-- Exercise goal --
The lines running from the one that contains "fire menxxx001 online" to the end of the records below are what to reproduce, exactly and without pictures.

(Image-text web data)
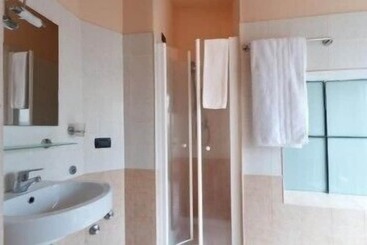 تختخواب و صبحانه L'attico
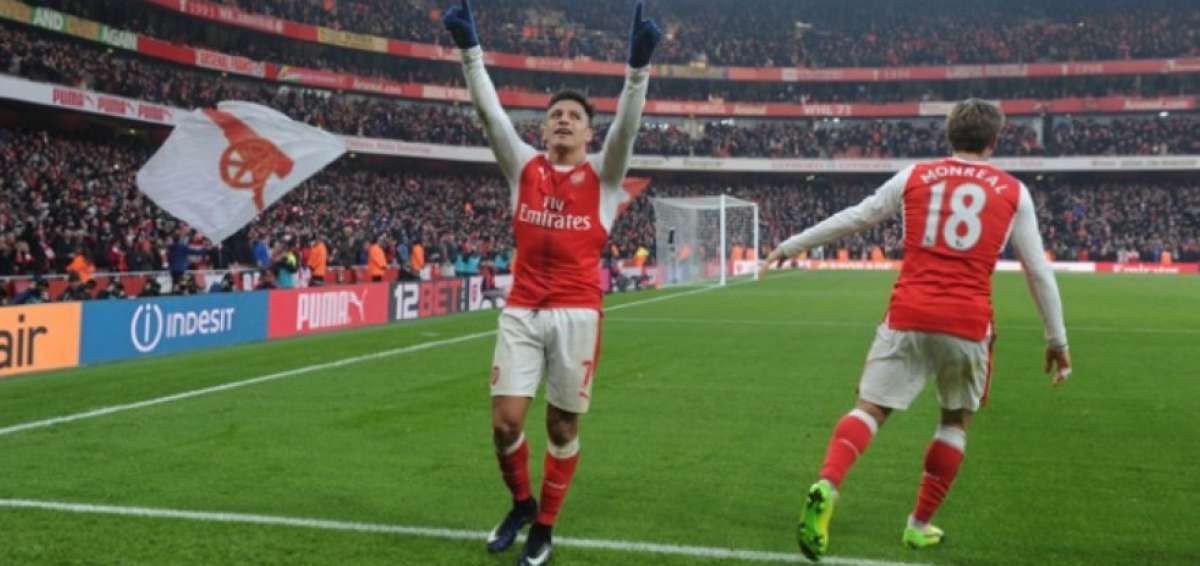 Alexis S&aacute;nchez coloca al Arsenal segundo en la Premier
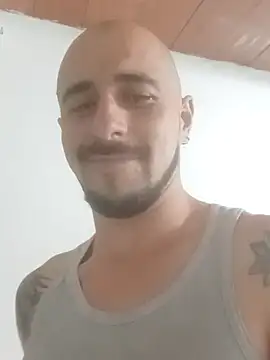 fire menxxx001 online show from 09/18/25, 04:25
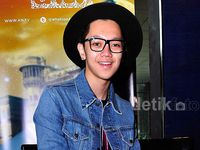 Gaya Keren Brandon Nicholas Berjaket Denim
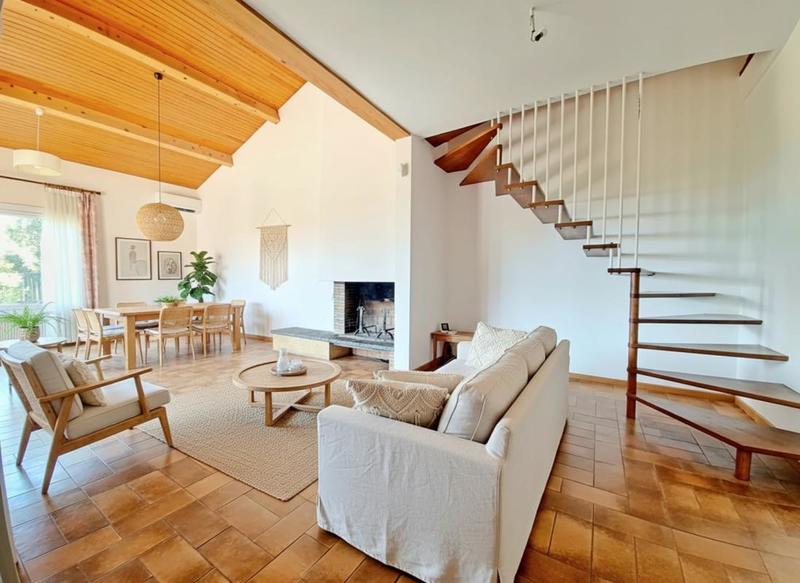 Maison - 209 m² - 8 pièces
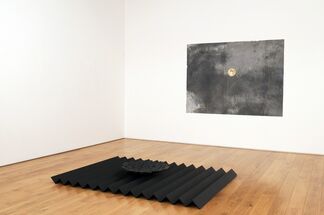 Alison Wilding: Tracking, installation view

-- Exercise result --
 fire menxxx001 online show from 09/18/25, 04:25
 Gaya Keren Brandon Nicholas Berjaket Denim
 Maison - 209 m² - 8 pièces
 Alison Wilding: Tracking, installation view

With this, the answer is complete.